───── DATASET EXCERPT ─────

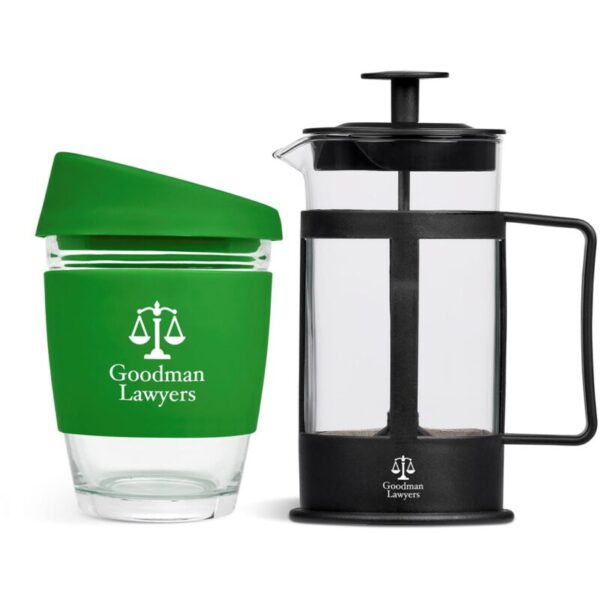 Kooshty Kupper Koffee Set - Image 13
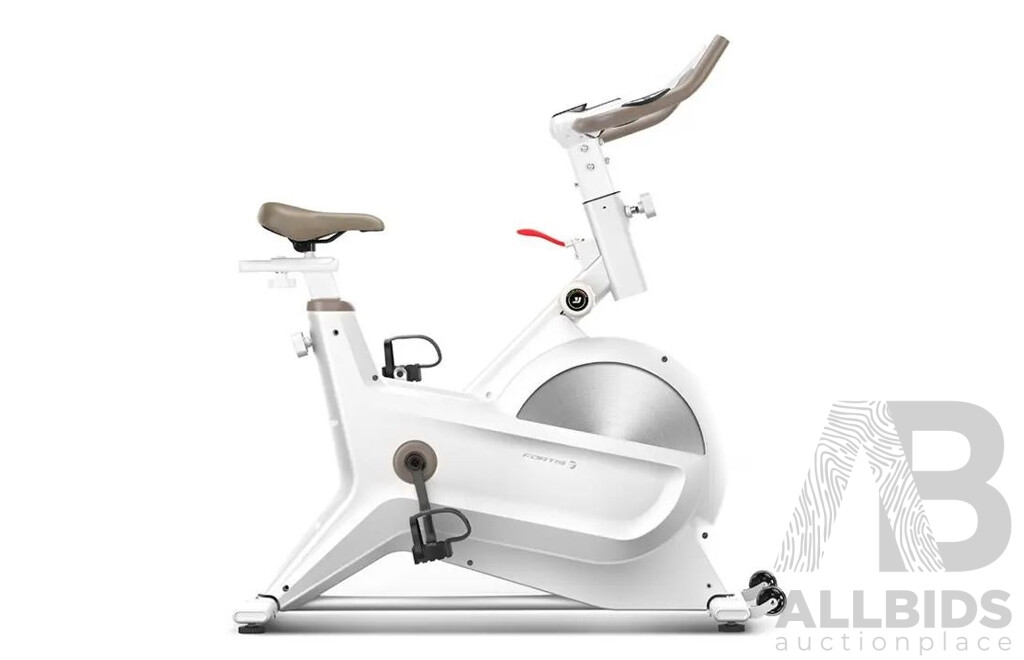 Fortis Magnetic Flywheel Spin Bike (SK-600) - ORP $239.00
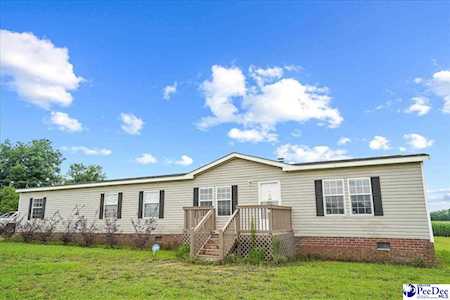 1435 Seven Bridges Rd Timmonsville, SC 29161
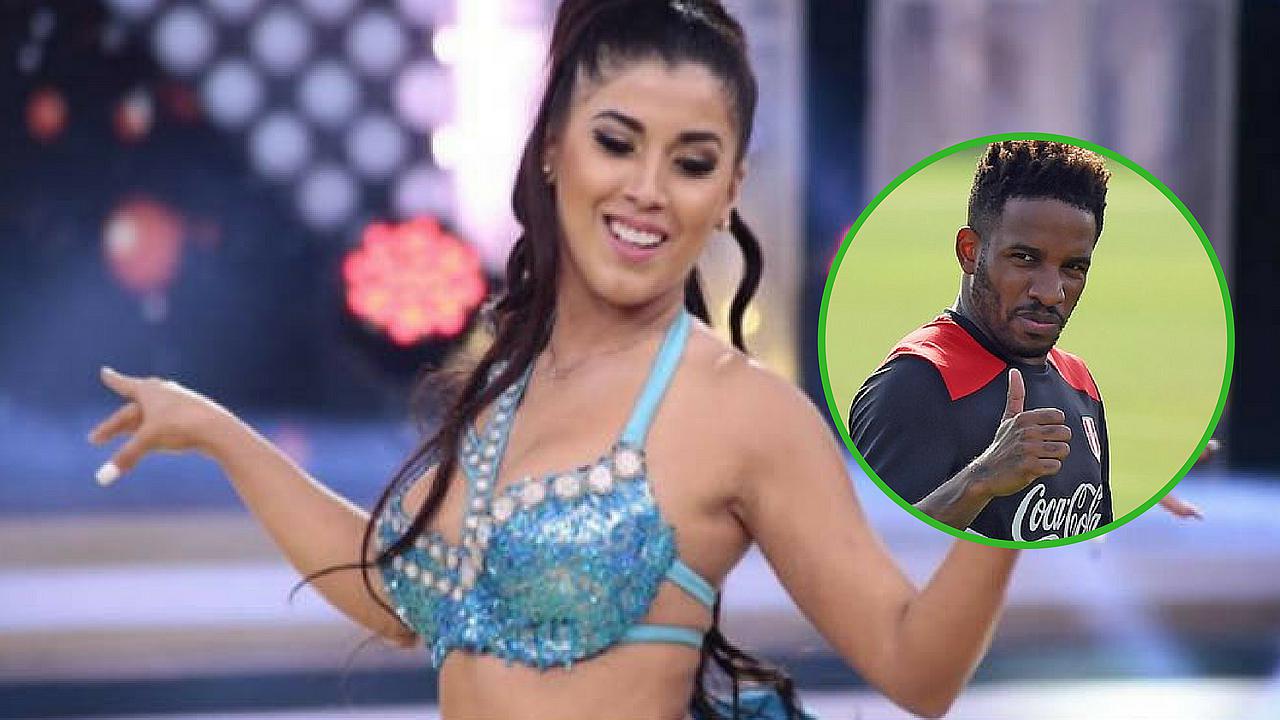 Yahaira demuestra ser independiente de Jefferson Farfán: "Me gané mi nombre sola"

─────

Keep every word of the lines above unchanged in the copy, and omit the pictures.

 Kooshty Kupper Koffee Set - Image 13
 Fortis Magnetic Flywheel Spin Bike (SK-600) - ORP $239.00
 1435 Seven Bridges Rd Timmonsville, SC 29161
 Yahaira demuestra ser independiente de Jefferson Farfán: "Me gané mi nombre sola"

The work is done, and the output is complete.